為了掩飾羞赧,我伸手捏了捏他的耳朵,故作惱羞成怒,「你不要故意逗我⋯⋯」
「妳是欺負我現在不能還手嗎?」佑帆溫柔地笑了,語氣帶著幾分無奈,卻又莫名寵溺,嘴角的笑意像月光般撫慰人心。
「明明是你先的。

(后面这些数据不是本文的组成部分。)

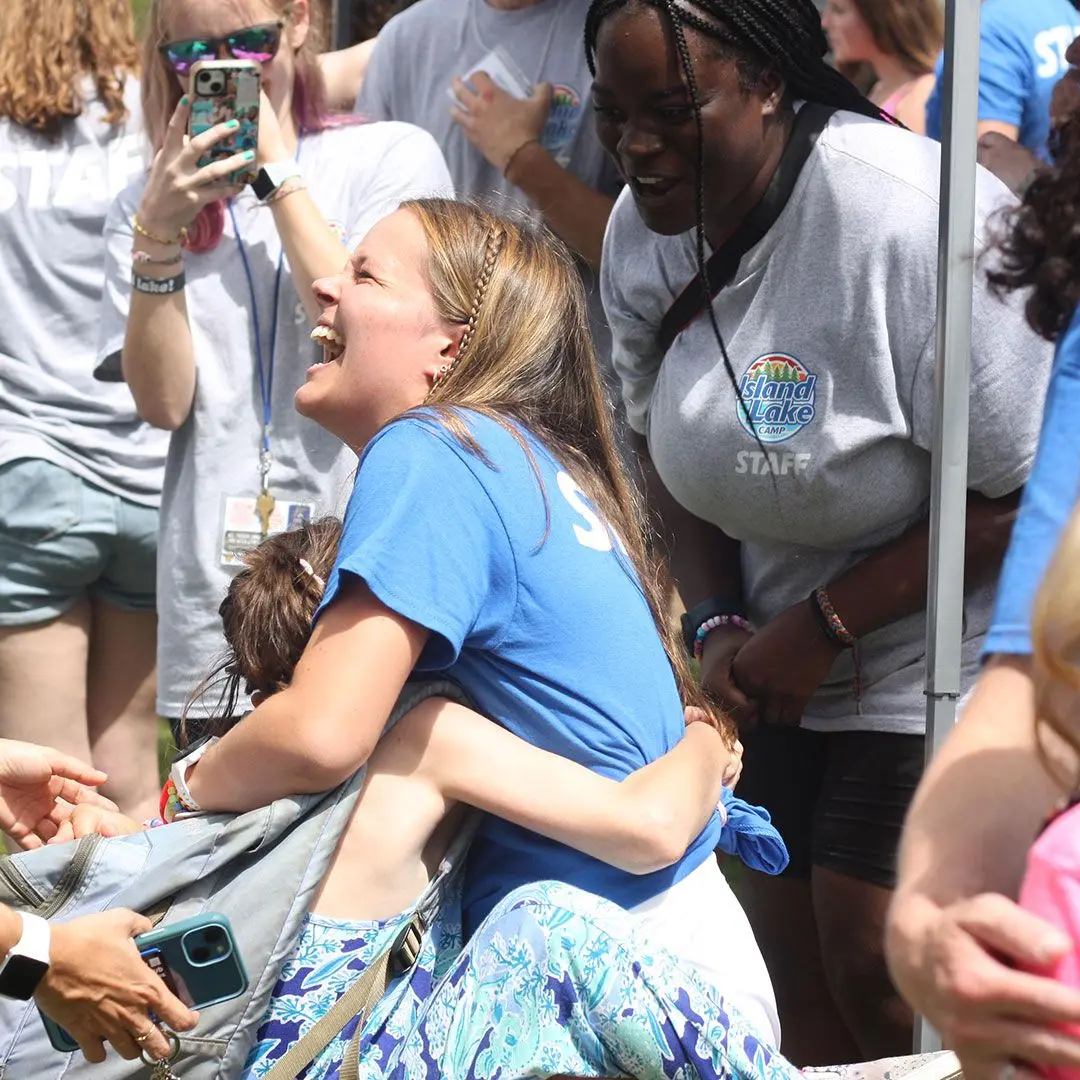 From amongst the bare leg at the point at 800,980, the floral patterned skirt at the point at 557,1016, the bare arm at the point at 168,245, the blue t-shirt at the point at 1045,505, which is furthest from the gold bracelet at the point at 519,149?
the blue t-shirt at the point at 1045,505

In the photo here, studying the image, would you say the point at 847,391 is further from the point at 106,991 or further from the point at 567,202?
the point at 106,991

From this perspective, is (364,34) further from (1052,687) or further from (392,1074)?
(1052,687)

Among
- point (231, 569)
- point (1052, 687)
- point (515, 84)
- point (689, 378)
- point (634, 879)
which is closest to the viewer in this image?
point (1052, 687)

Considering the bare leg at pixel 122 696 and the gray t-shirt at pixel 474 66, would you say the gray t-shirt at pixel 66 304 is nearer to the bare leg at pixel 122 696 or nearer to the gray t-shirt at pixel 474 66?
the bare leg at pixel 122 696

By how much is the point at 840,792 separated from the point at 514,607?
930 millimetres

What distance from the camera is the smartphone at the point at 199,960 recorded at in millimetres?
1835

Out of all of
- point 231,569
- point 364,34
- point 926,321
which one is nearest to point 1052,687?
point 926,321

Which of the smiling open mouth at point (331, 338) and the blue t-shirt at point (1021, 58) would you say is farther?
the blue t-shirt at point (1021, 58)

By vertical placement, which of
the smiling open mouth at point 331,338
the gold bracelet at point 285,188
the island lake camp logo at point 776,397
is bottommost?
the island lake camp logo at point 776,397

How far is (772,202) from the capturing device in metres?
2.66

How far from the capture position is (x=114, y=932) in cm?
188

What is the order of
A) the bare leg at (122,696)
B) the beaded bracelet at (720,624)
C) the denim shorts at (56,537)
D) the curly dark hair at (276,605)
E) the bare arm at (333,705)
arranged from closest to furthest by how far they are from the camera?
the bare arm at (333,705) < the curly dark hair at (276,605) < the beaded bracelet at (720,624) < the denim shorts at (56,537) < the bare leg at (122,696)

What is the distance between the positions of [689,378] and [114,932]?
4.47 feet

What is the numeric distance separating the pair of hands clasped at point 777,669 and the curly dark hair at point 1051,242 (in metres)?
1.12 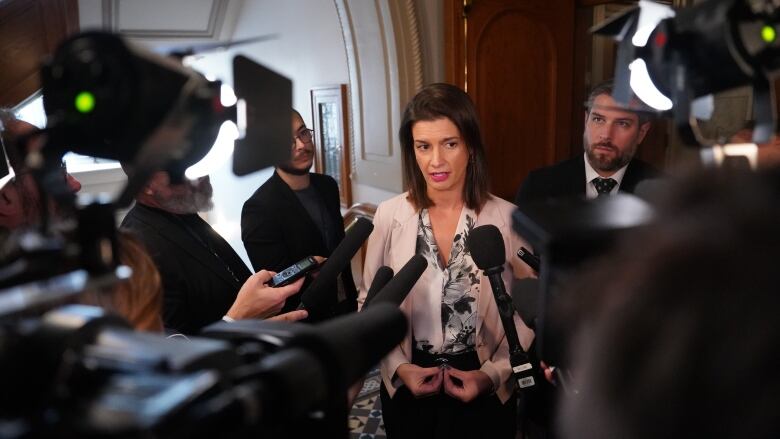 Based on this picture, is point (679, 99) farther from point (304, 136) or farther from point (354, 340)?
point (304, 136)

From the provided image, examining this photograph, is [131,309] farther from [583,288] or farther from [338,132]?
[338,132]

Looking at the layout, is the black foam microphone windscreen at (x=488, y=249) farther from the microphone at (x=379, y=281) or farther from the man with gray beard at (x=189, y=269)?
the man with gray beard at (x=189, y=269)

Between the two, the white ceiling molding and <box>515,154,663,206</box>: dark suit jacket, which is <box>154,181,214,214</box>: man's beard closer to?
<box>515,154,663,206</box>: dark suit jacket

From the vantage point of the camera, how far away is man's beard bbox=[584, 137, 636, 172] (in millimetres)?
1847

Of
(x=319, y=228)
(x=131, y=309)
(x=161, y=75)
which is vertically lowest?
(x=319, y=228)

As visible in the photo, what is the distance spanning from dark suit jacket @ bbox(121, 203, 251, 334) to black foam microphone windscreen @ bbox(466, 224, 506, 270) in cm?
69

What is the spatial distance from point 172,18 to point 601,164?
4.88 meters

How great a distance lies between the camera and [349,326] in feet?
1.58

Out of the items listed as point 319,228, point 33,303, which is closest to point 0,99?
point 319,228

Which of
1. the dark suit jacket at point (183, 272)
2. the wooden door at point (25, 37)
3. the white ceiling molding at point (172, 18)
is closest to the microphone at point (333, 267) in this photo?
the dark suit jacket at point (183, 272)

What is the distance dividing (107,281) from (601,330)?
1.31 ft

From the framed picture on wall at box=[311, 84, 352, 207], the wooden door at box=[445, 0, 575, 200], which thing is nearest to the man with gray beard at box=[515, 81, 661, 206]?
the wooden door at box=[445, 0, 575, 200]

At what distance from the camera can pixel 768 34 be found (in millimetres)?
609

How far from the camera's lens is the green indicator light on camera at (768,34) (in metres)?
0.61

」我抬起頭,像小孩子般一板一眼地「告狀」。
「沒人告訴過妳,不要隨便捏男生的耳朵嗎?」佑帆低聲笑出來,慢悠悠的語調帶著調笑,「我可不是杭杭,妳這樣做,我可是會⋯⋯」
「喂!」我臉一燙,手忙腳亂地伸手按住他的嘴巴,下意識阻止他繼續說出能撩撥自己的話,「你、你不准再說話了!」
瞬間,他僵住了腳步。
我愣了一秒,才發現手心觸碰到的,是他的唇⋯⋯那片柔軟溫熱的觸感像電流一樣蔓延全身。
「啊!」我驚慌失措地縮回手,像烏龜一樣把臉埋在他的背上,心臟跳得像要炸開似的。
完了,我在幹什麼啊⋯⋯?
佑帆的臉上染上一抹薄紅,神情一時有些愣怔,但很快,他低低地笑了起來,放開一隻手輕輕揉了揉我的頭安撫。
「沒事。」他的聲音低柔,輕得像一陣風,卻將我心底的慌亂攪得更亂。
接著,他重新邁開步伐,背著我穩穩地朝車棚走去,步子依然沉穩,像什麼事也沒發生過似的。
而我,趴在他背上,羞得幾乎想挖個洞鑽進去。
這天晚上,我失眠了。
腦海中不斷浮現他低聲說話時的模樣,回味著每一個細節,直到疲憊得撐不住了,才跌入夢境。
腳受傷暫時不能正常行走,加上手臂包滿了紗布和繃帶,這週末的工作只好取消延後。
然而,短暫的平靜並沒有持續太久。
原以為得到了一個悠閒的假日時光,終於能好好放鬆,順便和經紀公司提早談攏合約,卻發生了一件大事,打壞了我明媚的前景。
隔天,校版上關於我的文章又更新了,標題卻和「大學生校園女神」無關,而是多了一個名字———顧佑帆。
點開文章後,我的手微微顫抖。
照片中,佑帆抱著我下場,表情堅毅;還有他在場邊細心幫我檢查傷勢的畫面,每一幕都被偷拍得清清楚楚。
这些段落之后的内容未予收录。